Theory of Automata & Computation

Parse Tree-

 

  • The process of deriving a string is called as derivation.
  • The geometrical representation of a derivation is called as a parse tree or derivation tree.

 

 

1. Leftmost Derivation-

 

  • The process of deriving a string by expanding the leftmost non-terminal at each step is called as leftmost derivation.
  • The geometrical representation of leftmost derivation is called as a leftmost derivation tree.

 

Example-

 

Consider the following grammar-

S → aB / bA

S → aS / bAA / a

B → bS / aBB / b

(Unambiguous Grammar)

 

Let us consider a string w = aaabbabbba

Now, let us derive the string w using leftmost derivation.

 

Leftmost Derivation-

 

S   → aB

→  aaBB                   (Using B → aBB)

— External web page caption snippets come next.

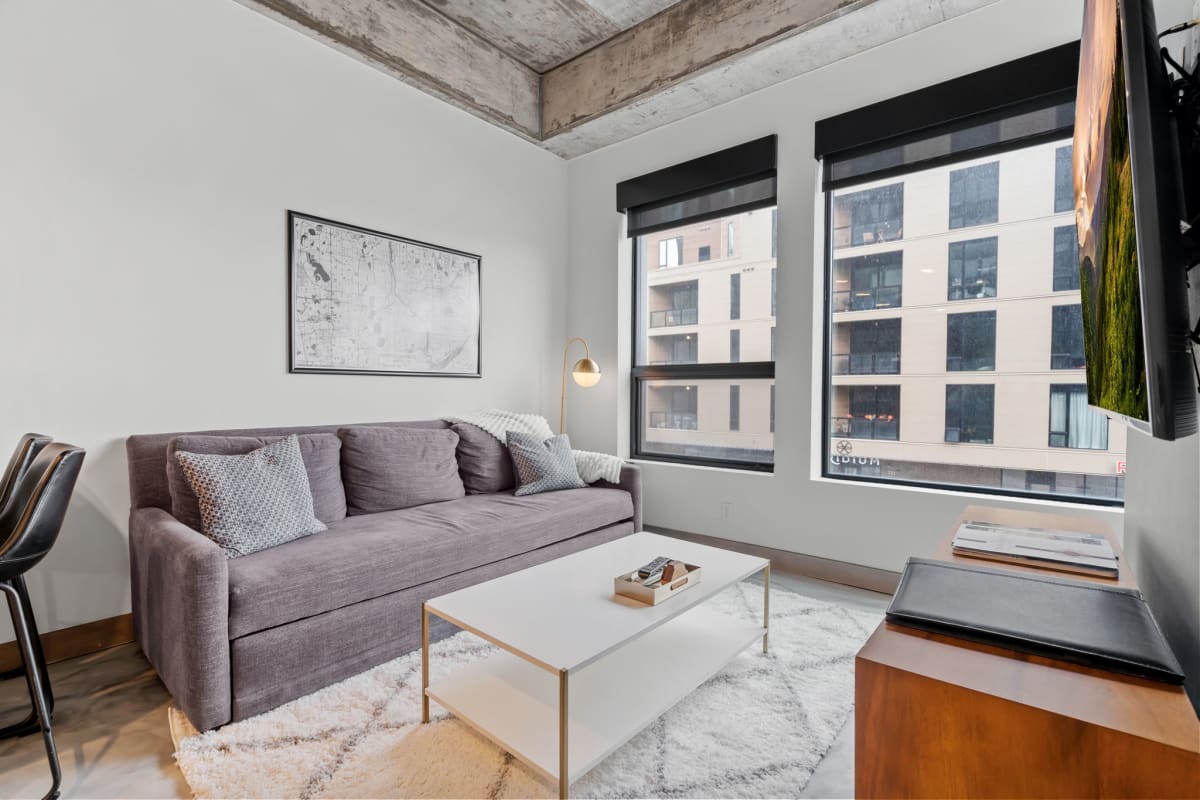 Unwind in your stylish living room with exposed beam ceilings, plush sofa, and city views through large windows.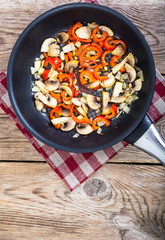 Fried mushrooms with peppers and onions in the pan. View from ab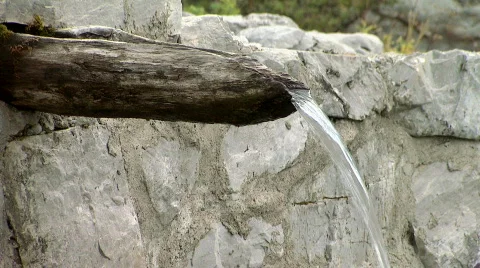 Clean, fresh, natural spring of drinking water with wooden channel Stock Footage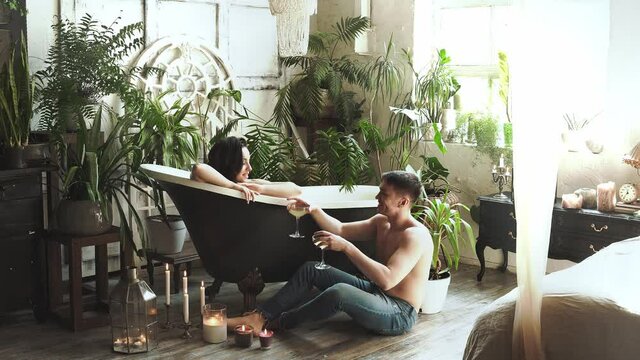 Young couple taking an hot bath in a tropical destination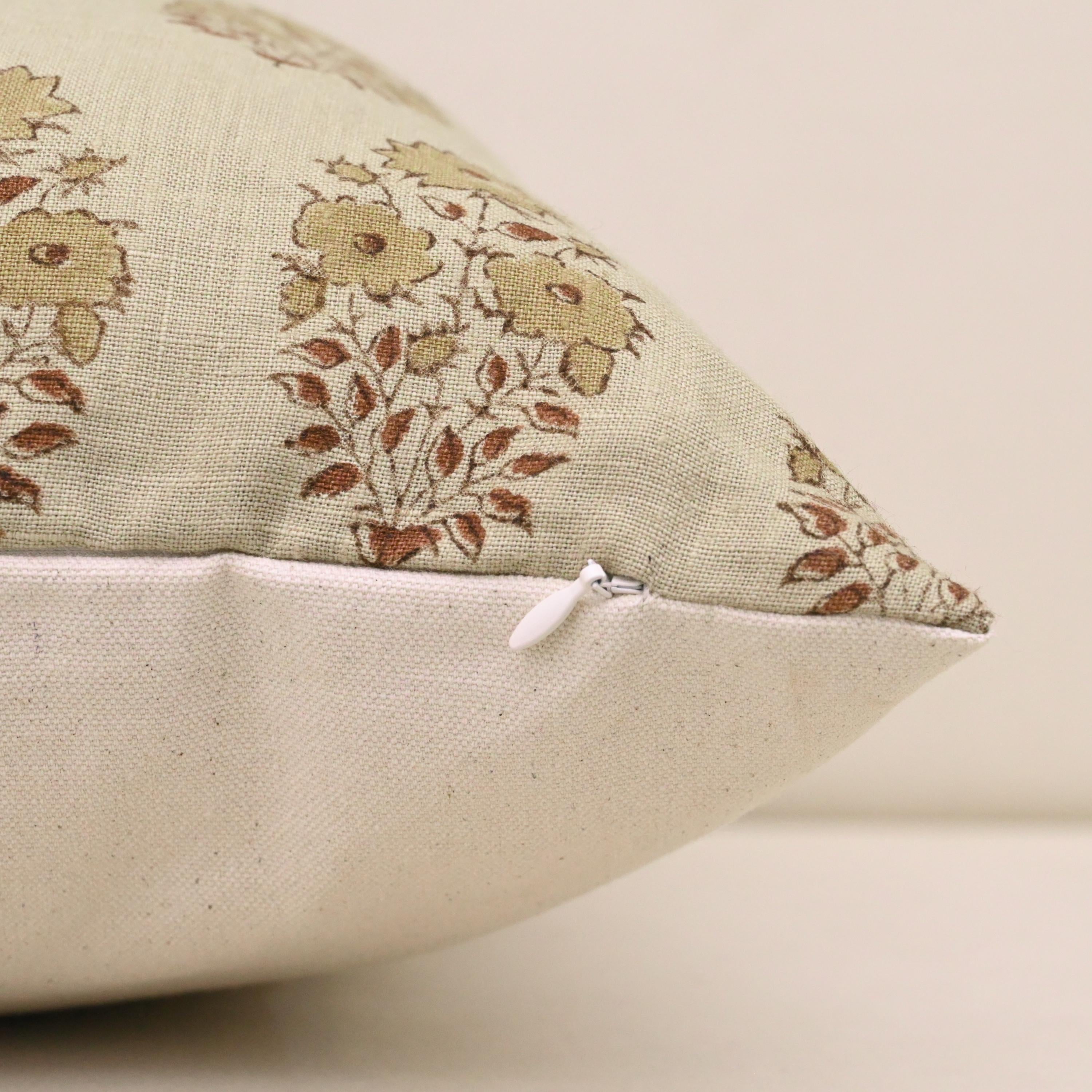 Close-up of buta floral block print detail on ivory linen cushion cover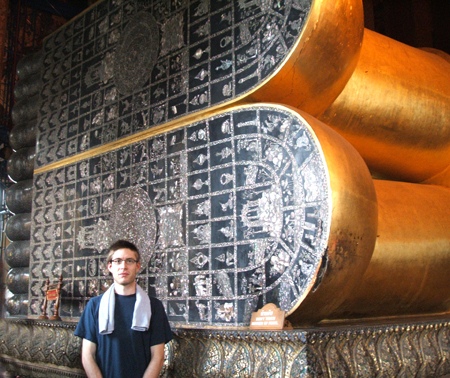 adam-infront-of-buddhas-feet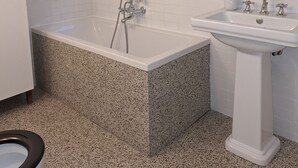 Une salle de bain moderne avec une baignoire sur pieds, un lavabo sur colonne et une fenêtre ornée de barreaux décoratifs.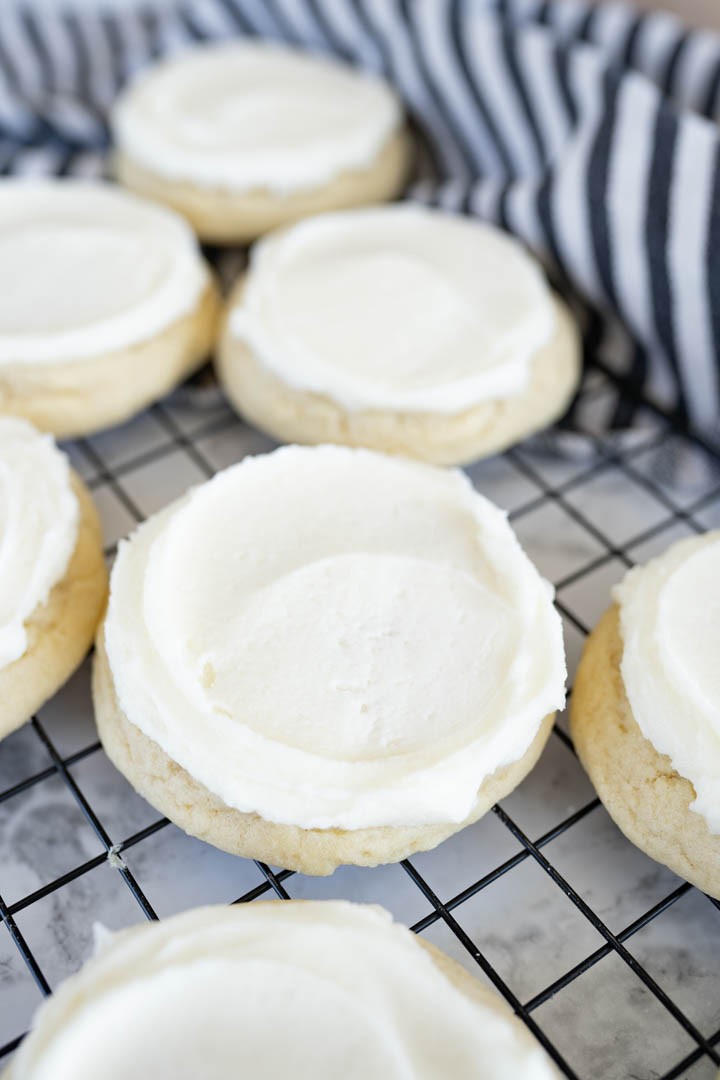 Close-up, inviting image of vanilla crumb sugar cookies on a cooling rack, sunlight, cozy feel.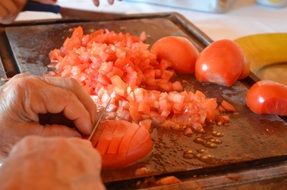 man thoroughly chopping tomatoes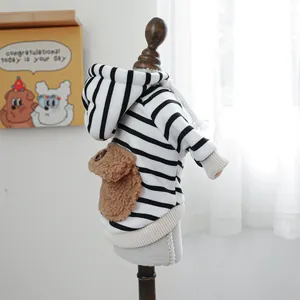 Striped pet hoodie with plush bear paw pocket on a wooden model for small dogs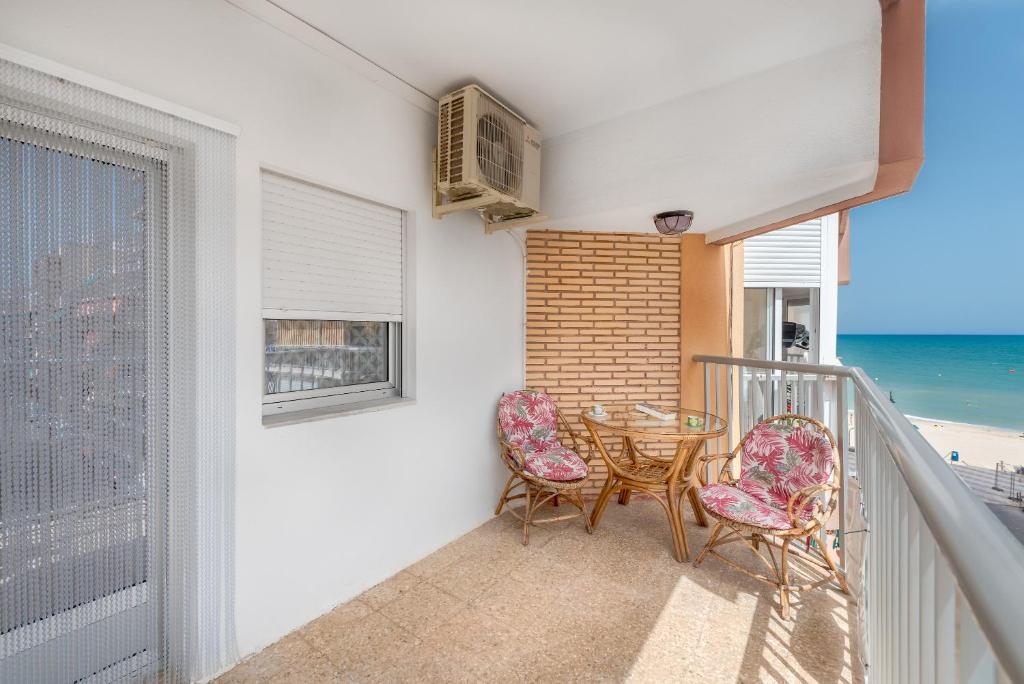 スエカにあるLa Torreta del Perellóのテーブルと椅子と海のあるバルコニー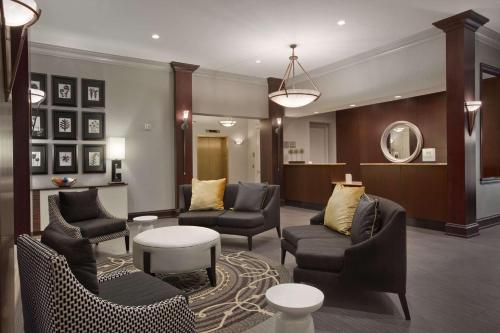 a lobby with couches and chairs and a table at Homewood Suites by Hilton Philadelphia-City Avenue in Philadelphia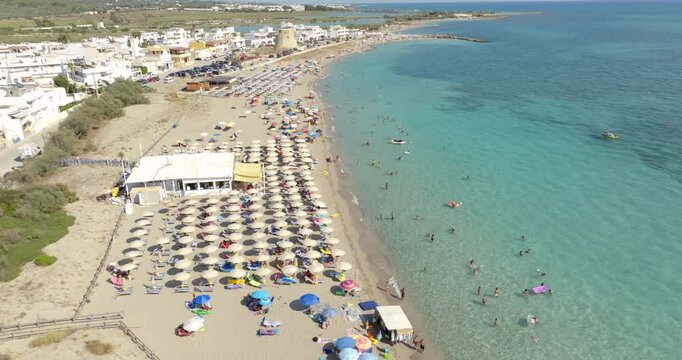 Aerial view of Torre Mozza beach in Salento, Puglia, Italy. There are people in the water and on the beach. In the background a coastal tower. Holiday concept.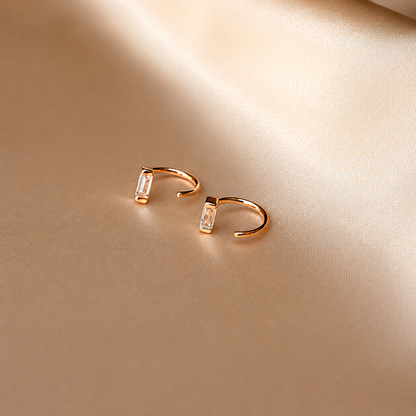 Gold hoop earrings with embedded stones on a beige background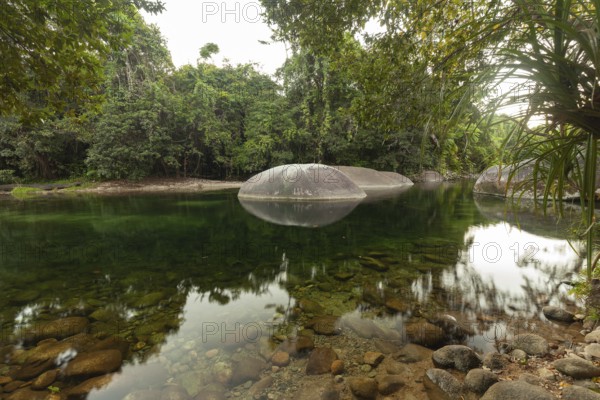Turquoise blue water between rocks in the tropical rainforest of Babinda Boulders Queensland Australia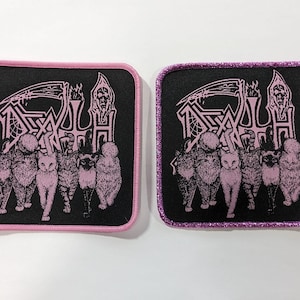 May include: Two black fabric patches with pink embroidered edges. The patches feature a band logo with the word "DEATH" in a gothic font and a skeletal figure holding a scythe. The logo is surrounded by a group of cats.
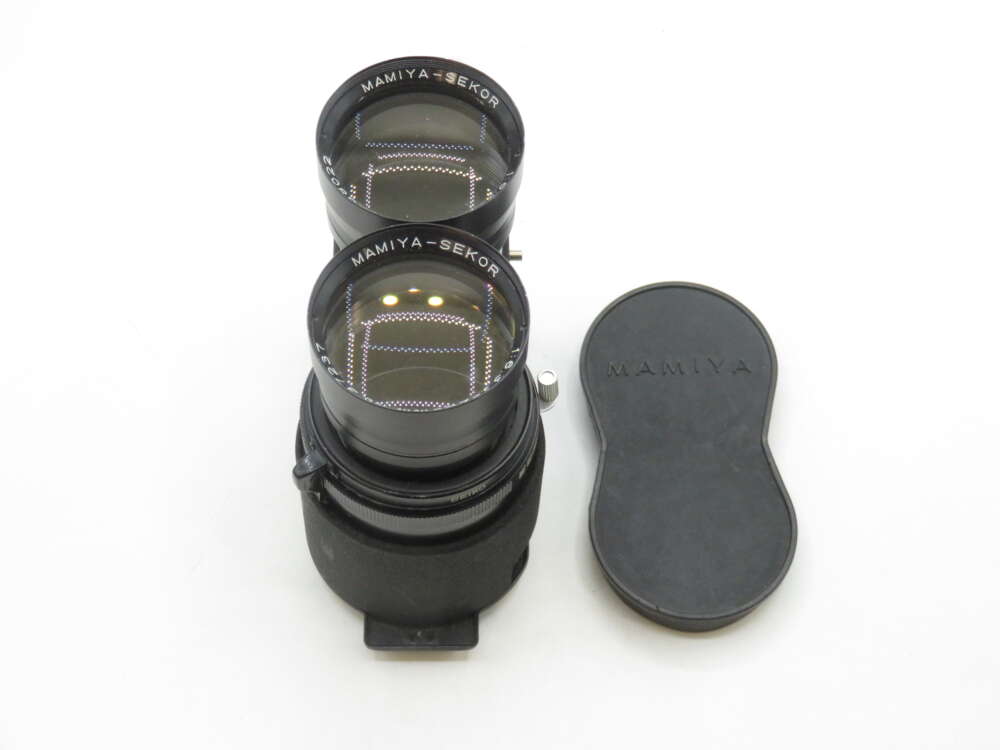 IMG_1779 A pair of Mamiya-Sekor camera lenses stacked vertically, with a black lens cap bearing the Mamiya logo placed beside them on a white surface.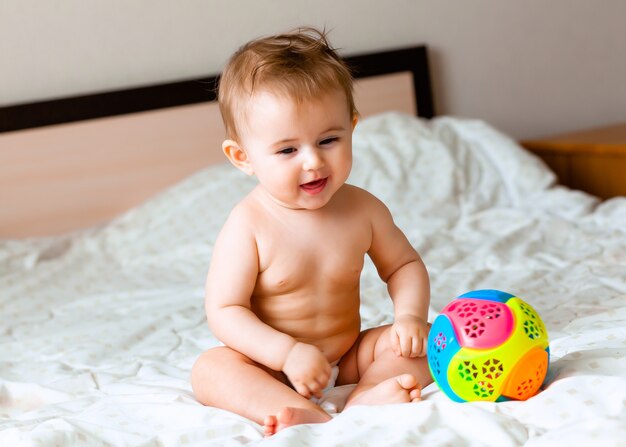Bambino biondo sveglio che gioca con una palla seduto sul letto in camera da letto. bambino felice di 6 mesi che gioca con una palla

→ aaaBBB                (Using B → aBB)

→ aaabBB                (Using B → b)

→ aaabbB                (Using B → b)

→ aaabbaBB            (Using B → aBB)

→ aaabbabB            (Using B → b)

→ aaabbabbS          (Using B → bS)

→ aaabbabbbA        (Using S → bA)

→ aaabbabbba         (Using A → a)

 

 

2. Rightmost Derivation-

 

  • The process of deriving a string by expanding the rightmost non-terminal at each step is called as rightmost derivation.
  • The geometrical representation of rightmost derivation is called as a rightmost derivation tree.

 

Example-

 

Consider the following grammar-

S → aB / bA

S → aS / bAA / a

B → bS / aBB / b

(Unambiguous Grammar)

 

Let us consider a string w = aaabbabbba

Now, let us derive the string w using rightmost derivation.

 

Rightmost Derivation-

 

S   → aB

→  aaBB                    (Using B → aBB)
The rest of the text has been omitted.